##### Data for review #####
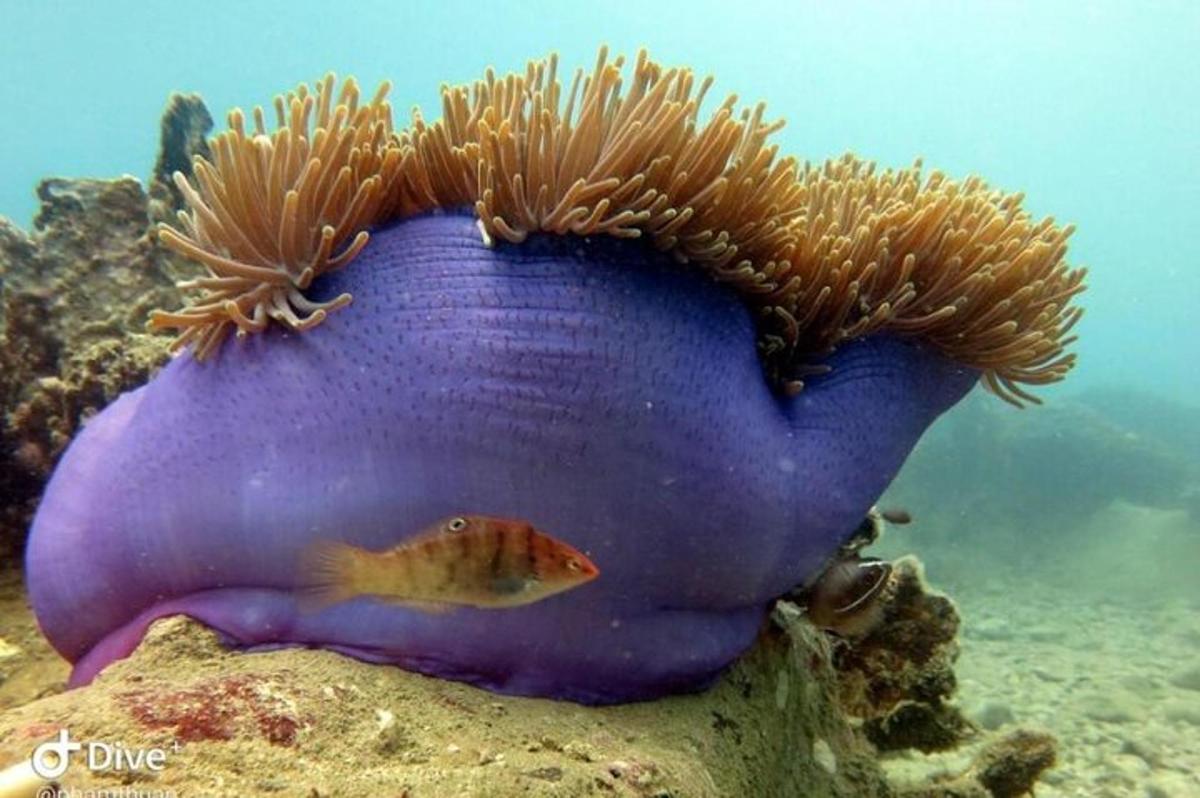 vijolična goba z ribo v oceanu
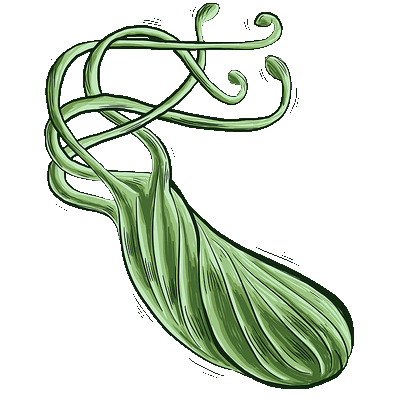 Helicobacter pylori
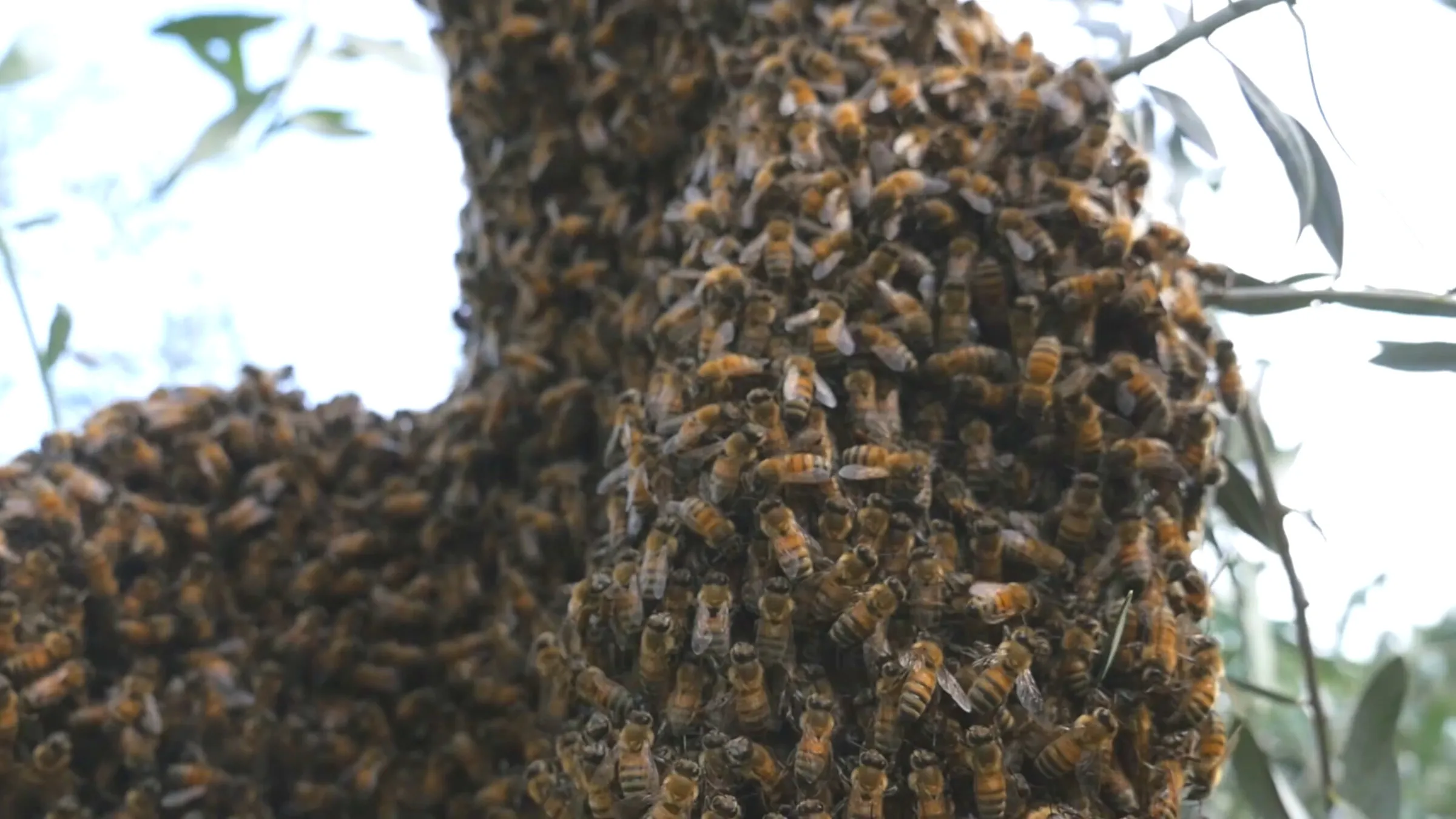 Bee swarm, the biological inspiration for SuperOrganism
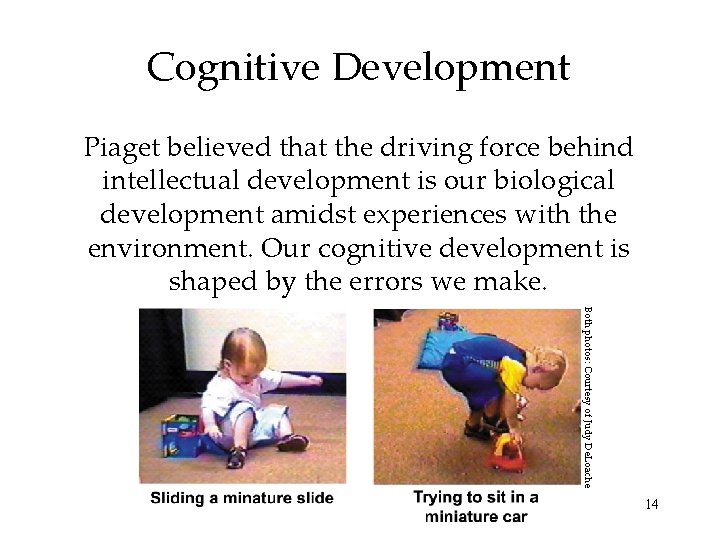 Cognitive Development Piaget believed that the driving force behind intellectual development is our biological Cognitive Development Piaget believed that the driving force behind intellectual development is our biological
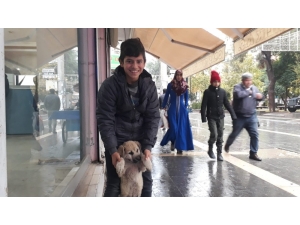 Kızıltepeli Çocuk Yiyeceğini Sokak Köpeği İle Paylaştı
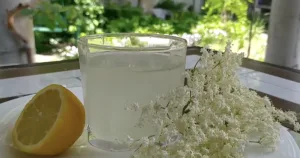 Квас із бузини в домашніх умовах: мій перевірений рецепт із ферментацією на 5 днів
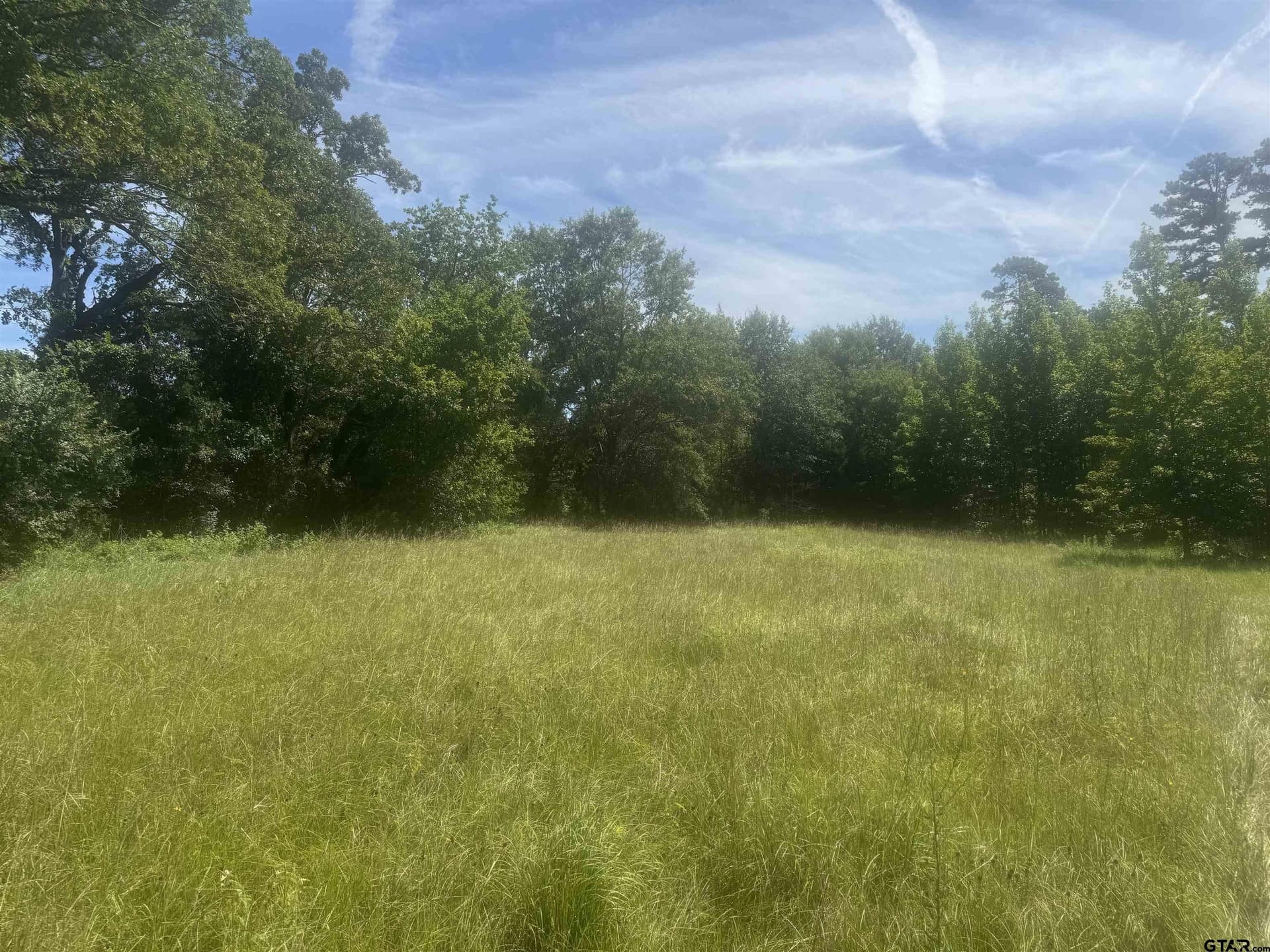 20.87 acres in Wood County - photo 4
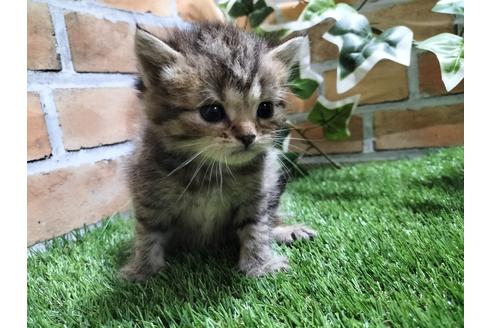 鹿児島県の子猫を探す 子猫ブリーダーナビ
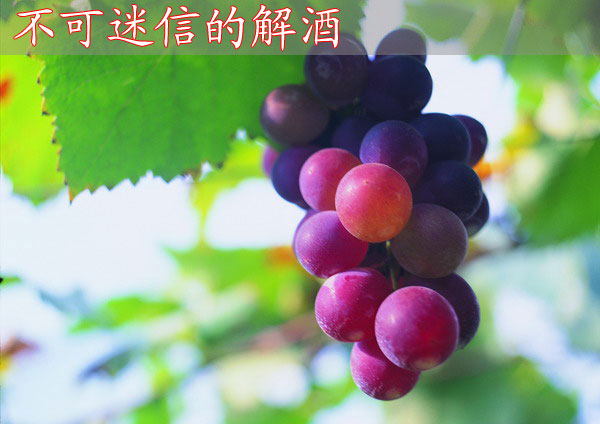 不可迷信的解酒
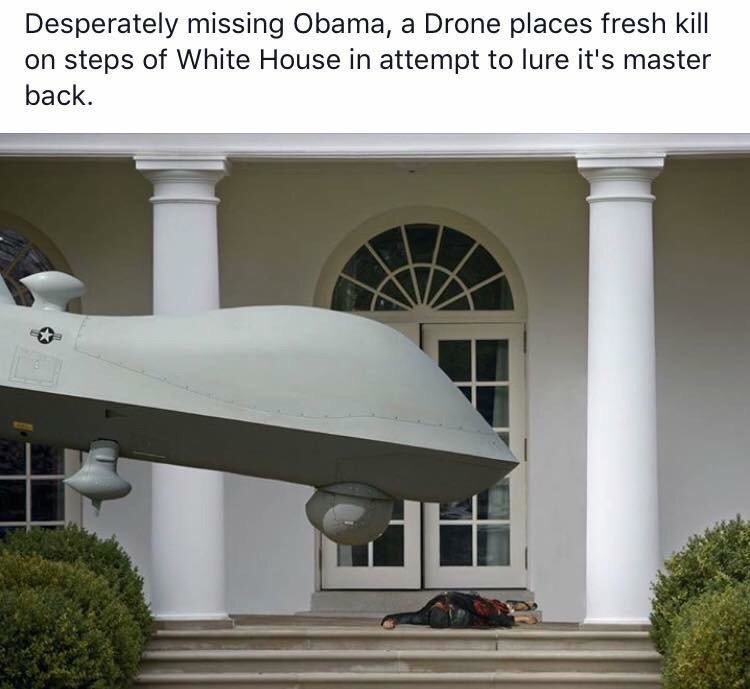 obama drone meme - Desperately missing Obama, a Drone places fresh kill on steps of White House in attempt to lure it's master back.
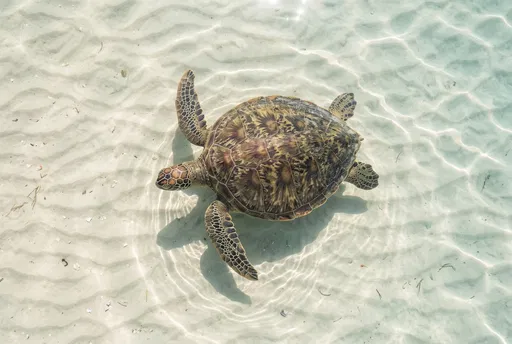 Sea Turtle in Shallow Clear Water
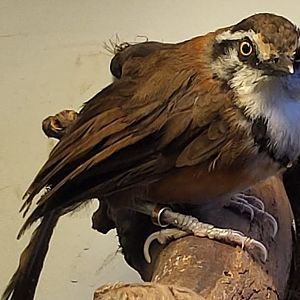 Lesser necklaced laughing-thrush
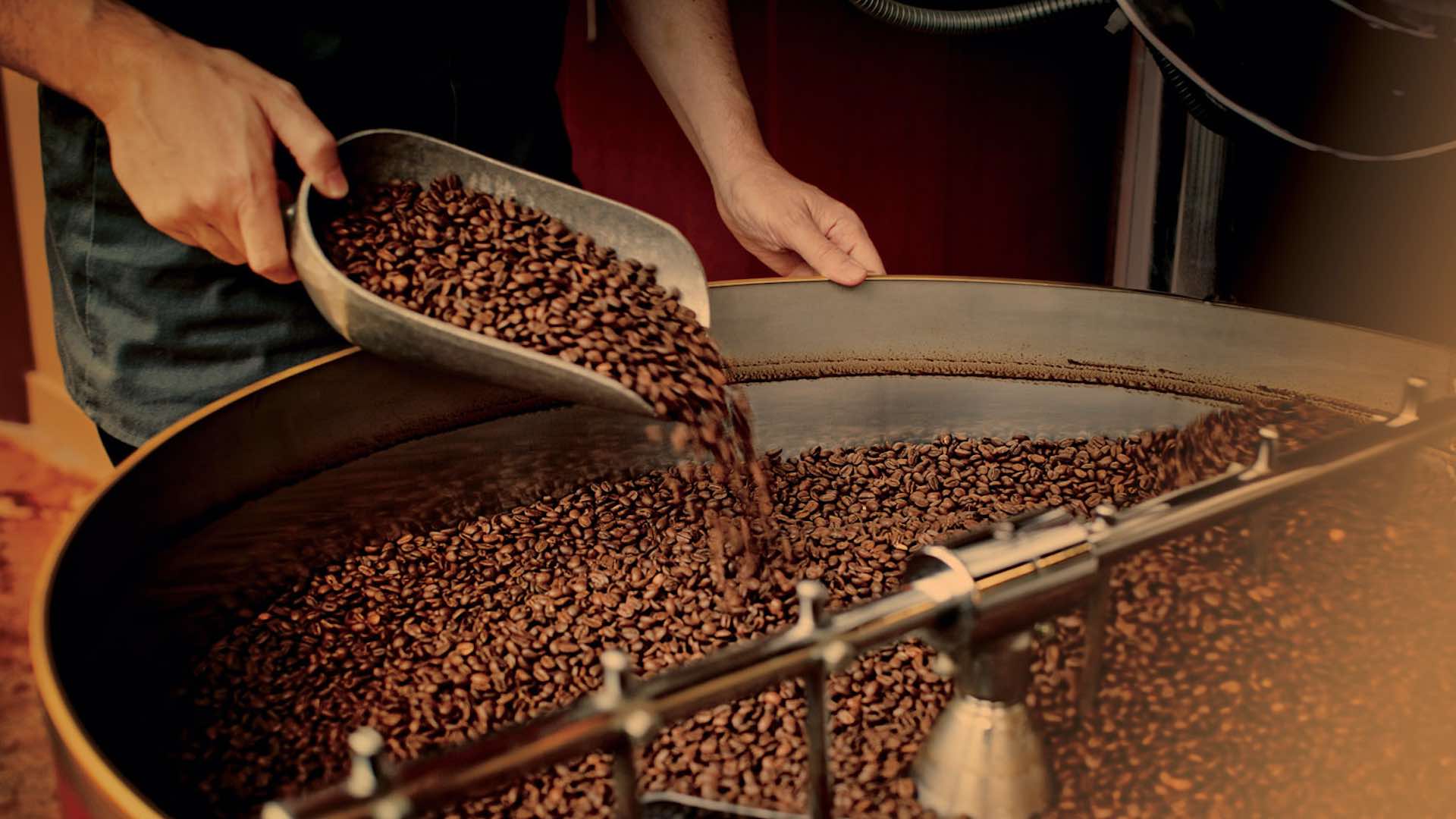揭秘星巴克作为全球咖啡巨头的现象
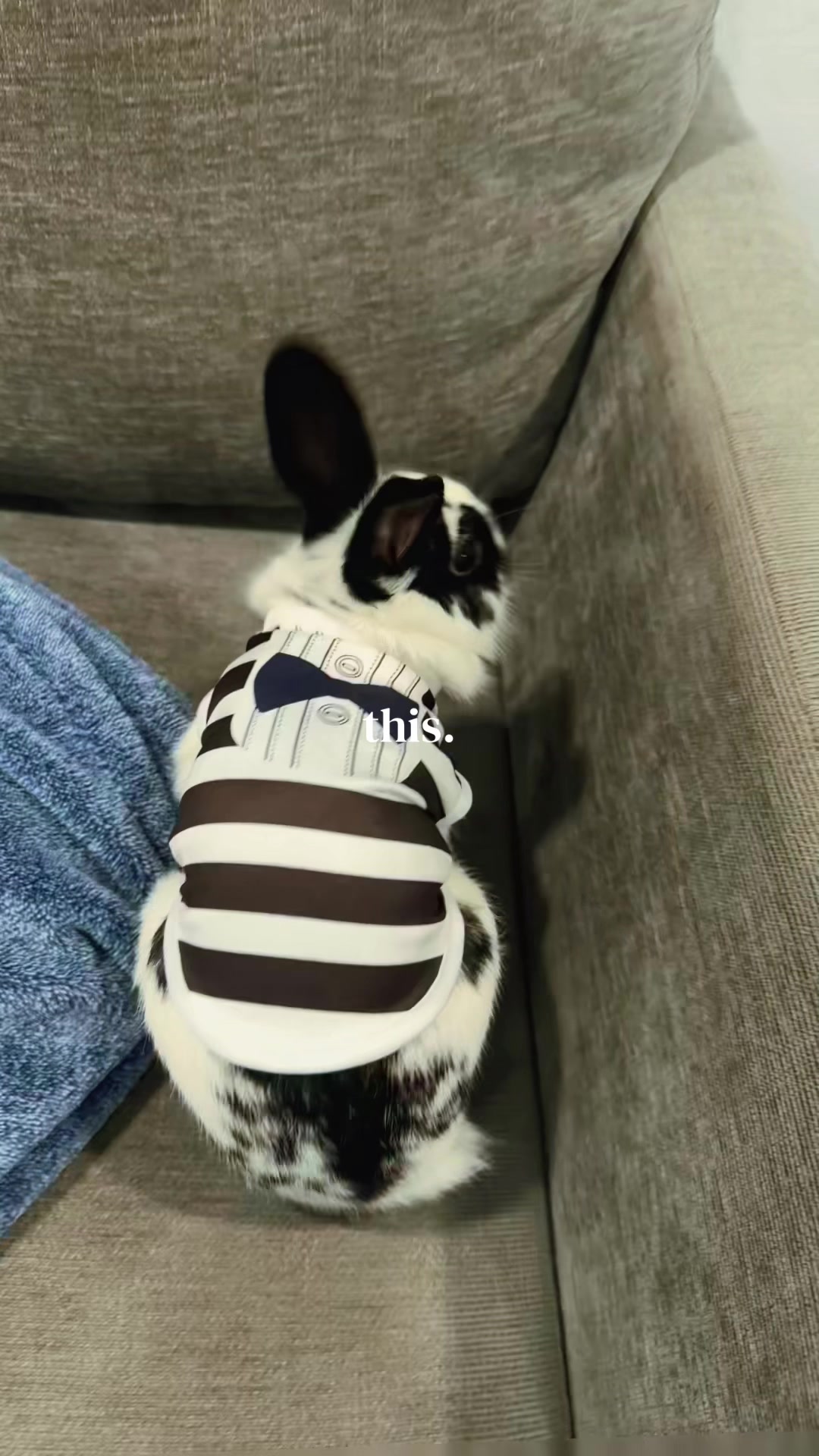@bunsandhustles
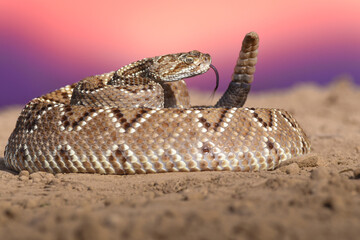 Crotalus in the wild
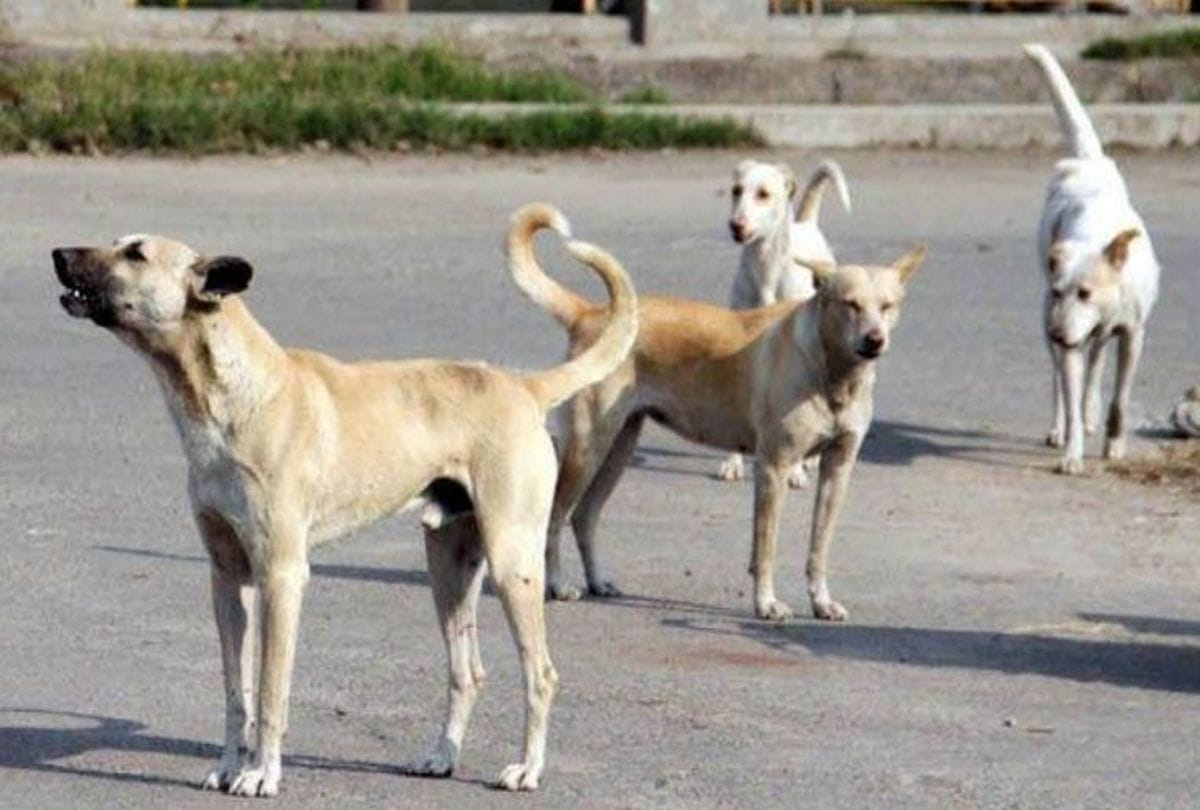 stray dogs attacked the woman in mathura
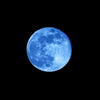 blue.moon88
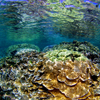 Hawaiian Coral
#####
_Goal of the exercise_
Only the lines from the one containing "Helicobacter pylori" through the final line of the data are to be written out, exactly as they stand and without pictures.

_Expected output_
 Helicobacter pylori
 Bee swarm, the biological inspiration for SuperOrganism
 Cognitive Development Piaget believed that the driving force behind intellectual development is our biological Cognitive Development Piaget believed that the driving force behind intellectual development is our biological
 Kızıltepeli Çocuk Yiyeceğini Sokak Köpeği İle Paylaştı
 Квас із бузини в домашніх умовах: мій перевірений рецепт із ферментацією на 5 днів
 20.87 acres in Wood County - photo 4
 鹿児島県の子猫を探す 子猫ブリーダーナビ
 不可迷信的解酒
 obama drone meme - Desperately missing Obama, a Drone places fresh kill on steps of White House in attempt to lure it's master back.
 Sea Turtle in Shallow Clear Water
 Lesser necklaced laughing-thrush
揭秘星巴克作为全球咖啡巨头的现象
@bunsandhustles
 Crotalus in the wild
 stray dogs attacked the woman in mathura
 blue.moon88
 Hawaiian Coral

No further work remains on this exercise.